CanSatとはアルミ缶を模擬人工衛星として、体育館の天井約8mの高さからパラシュートを使って落とし、与えられたミッションをクリアするワークショップです。
同校では3年前から毎年行われており、3年生はもう3回目のチャレンジとなりました。
初日は、3年前からプロジェクトをサポートいただいている東京大学大学院工学系研究科航空宇宙工学専攻中須賀真一教授から応援メッセージをいただいたあと、中須賀研究室の大学院生4人から人工衛星や、CanSatのつながりなどについての講義をしてもらいました。
ミッションは、指定秒数(3.2秒)で落下させること、着地時にCanSatを直立させること。加えて1年生はCanSatに内蔵した風船を落下時または着地時に破裂させること、2年生は投下装置からより遠くに飛ばすこと、3年生は内蔵した消しゴムをCanSatからできるだけ遠くに飛ばすこと。それぞれのミッションをクリアするために各チームそれぞれチャレンジすることになります。
初日は地元花巻の企業である株式会社オプトルの社員4人も参加。ものづくり企業として高校生たちとともにワークショップを体験することになりました。
生徒たちはそれぞれの教室へと帰り、必要な資材を資材室から持ってきて製作を始めます。そこはもう3年目。短い時間で制作はサクサク進みます。昼休み過ぎにはもう体育館で落下トライが始まっていました。試してみて、持ち帰って修正を図り、またテスト。本番ギリギリまで試行錯誤が続きます。体育館のあちらこちらで喜びや落胆の声が挙がり、一喜一憂。昼休みも入れて3時間ほどで本番の時間となりました。
本番は各チーム一発勝負。直立させるために重い資材を使い過ぎると落下速度が早くなってしまいます。一方であまり軽すぎると直立しません。バランスを考えながら、消しゴムを飛ばす仕掛けはそれぞれなるほどと思わせるものばかり。中には7〜8m飛ばすチームもありますが、直立させるにはどこも苦労しているようです。体育館内は歓声でいっぱいになり、盛り上がります。落下装置を操作したり、飛んだ消しゴムの距離を測ったりと、サポートの先生方も汗をかきながら必死です。
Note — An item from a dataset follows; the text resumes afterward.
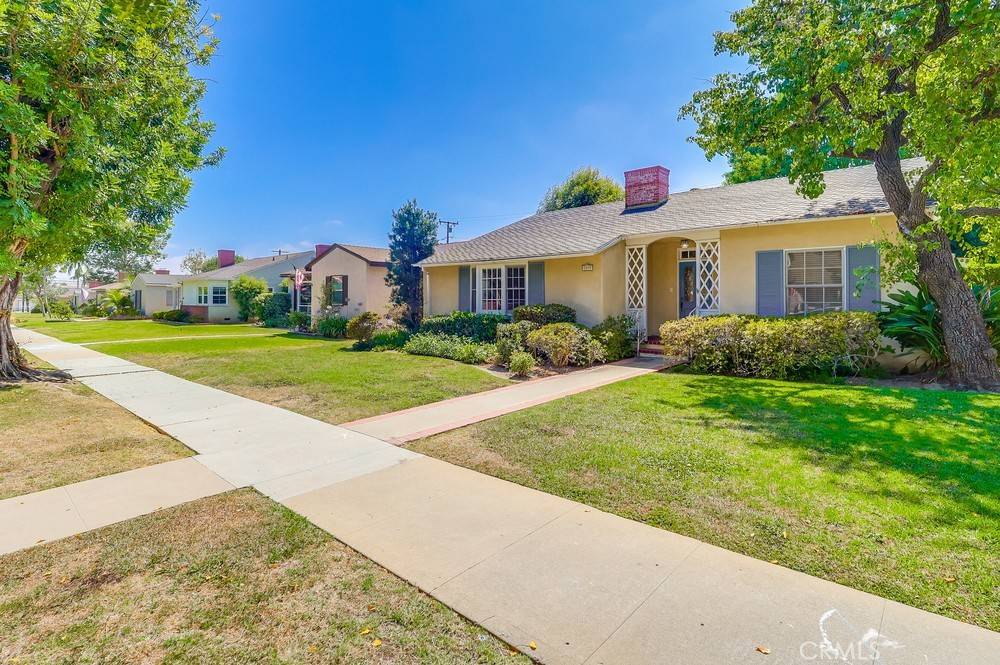 Long Beach, CA 90807,3835 Gundry AVE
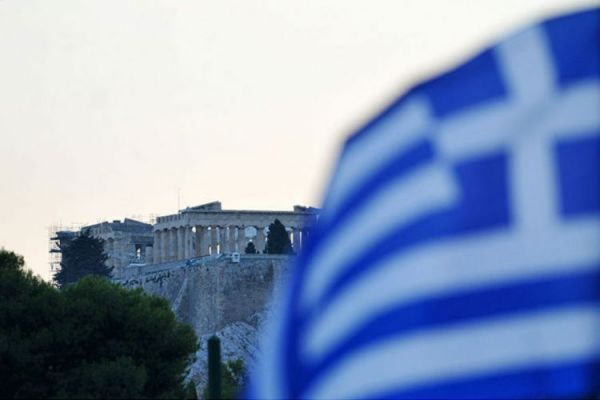 Δεν υπάρχει ανάπτυξη χωρίς την εργασία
すべてのチームのチャレンジが終わり、結果発表と表彰式が行われました。グッドアイデア賞の2チームも、3位以内で表彰されたチームも、残念ながら入賞できなかったチームもみんないい顔。頭を使って工夫し、手を動かし、仲間でチャレンジするといういい時間を過ごせたのではないかと思います。
このワークショップでは模擬人工衛星を使った学びでしたが、「失敗」「原因究明」「解決」のトライ&エラーはこれからの学生生活、進学後、そして社会人となって仕事をする上でも必要なこと。これからの学校生活においても今回のワークショップ体験を活かしてもらえたらと思います。